The 1911 census recorded the same information but gave Maria Walsh as the landholder and head of family. There were five persons in the Dolan family and six in the Walsh family in 1911.
John Dolan and his wife, Anne, were married for 41 years, and had 6 children, 5 of whom were living. John was now 73 and Anne was 71 years. The 3 children in the house were: Patt (sic) aged 39, Mike who was 34 and 31 year old Ellen. The men were listed as farmers. All family members could read and write, were born in Co. Galway (see 1901 census) and were Roman Catholic.
Dolan’s house, described as 2nd class, was built on John’s holding. Five rooms were occupied by the family; there were 3 windows in front, the walls were of stone, brick or concrete and the roof was thatch or wood.
Nine out-offices were listed: 1 barn, 1 fowl house, 1 piggery, 1 calf house, 1 coach house, 2 cow houses and 2 stables.
The census form, signed by John Dolan, was collected on 4th April. The Enumerator was J. M. Mullooly, Constable.

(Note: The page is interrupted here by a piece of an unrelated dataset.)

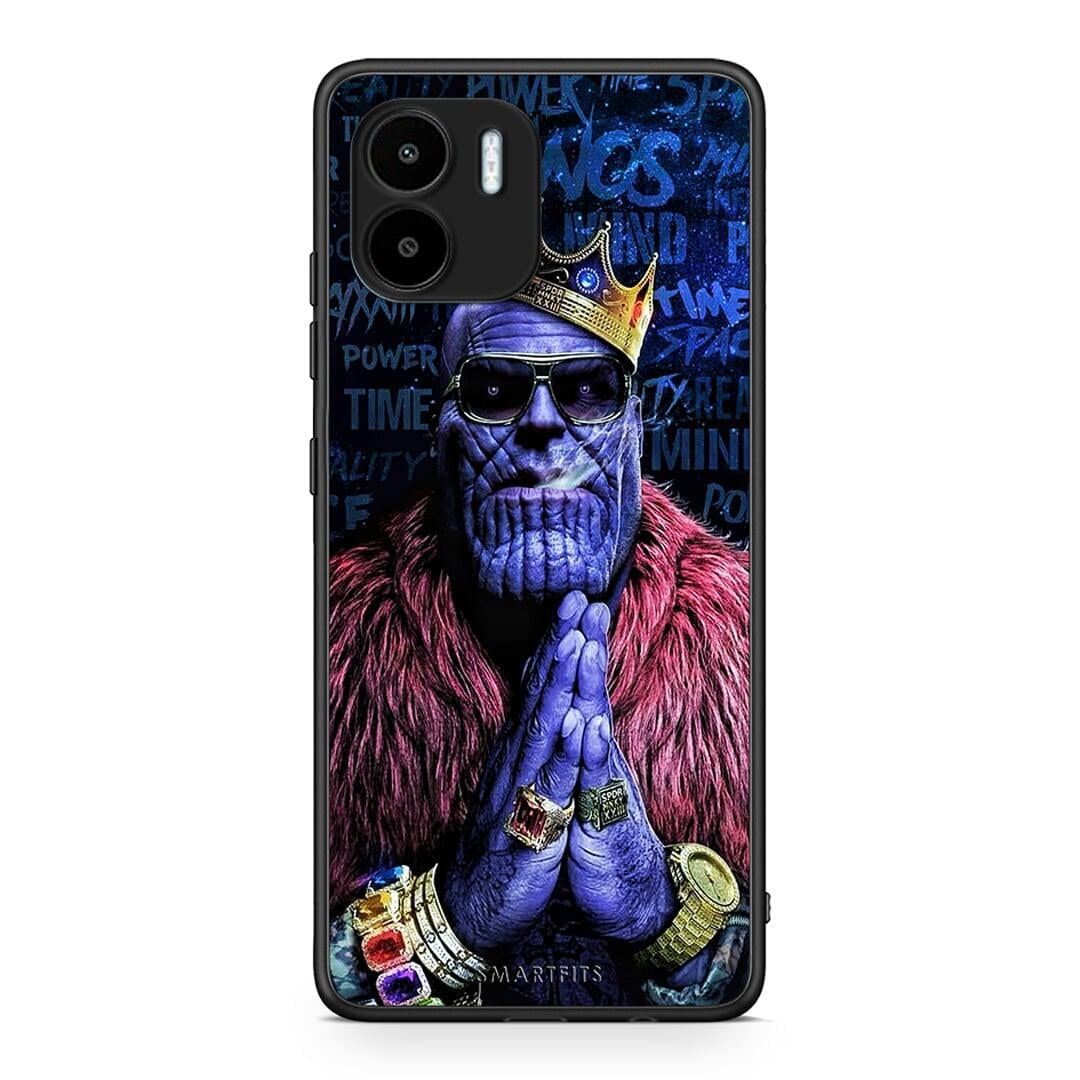 Θήκη Xiaomi Redmi A1 / A2 PopArt Thanos από τη Smartfits με σχέδιο στο πίσω μέρος και μαύρο περίβλημα | Xiaomi Redmi A1 / A2 PopArt Thanos Case with Colorful Back and Black Bezels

Maria Walsh, according to the 1911 census, was an 80 year old farmer’s wife and widow. Her 2 sons, her daughter, a servant and a boarder lived with her. John, aged 43, was single and a rate collector; Patt (sic) was 30, single and described as a farmer’s son; Kate, 25 and single was a farmer’s daughter. Thomas Hasset, the farm servant was 62 and the male boarder named William Brien, was 17 and a rate collector’s assistant. All the residents were born in Co. Galway and were members of the Catholic Church. Maria spoke Irish and English while the others spoke English. Thomas and William could read; Maria and the sons and daughter could read and write.
Four rooms in Maria’s house were occupied by the family. It was a 2nd class house built on Maria’s holding; it had 3 front windows, a thatch or wood roof and stone, brick or concrete walls.
The 9 out-offices on the holding included 2 stables, 1 coach house, 2 cow houses, 1 calf house, 1 piggery, 1 fowl house and 1 barn.
Maria Walsh, as head of family, signed the census form which was collected on 4th April. J. M. Mullooly, Constable, was the Enumerator.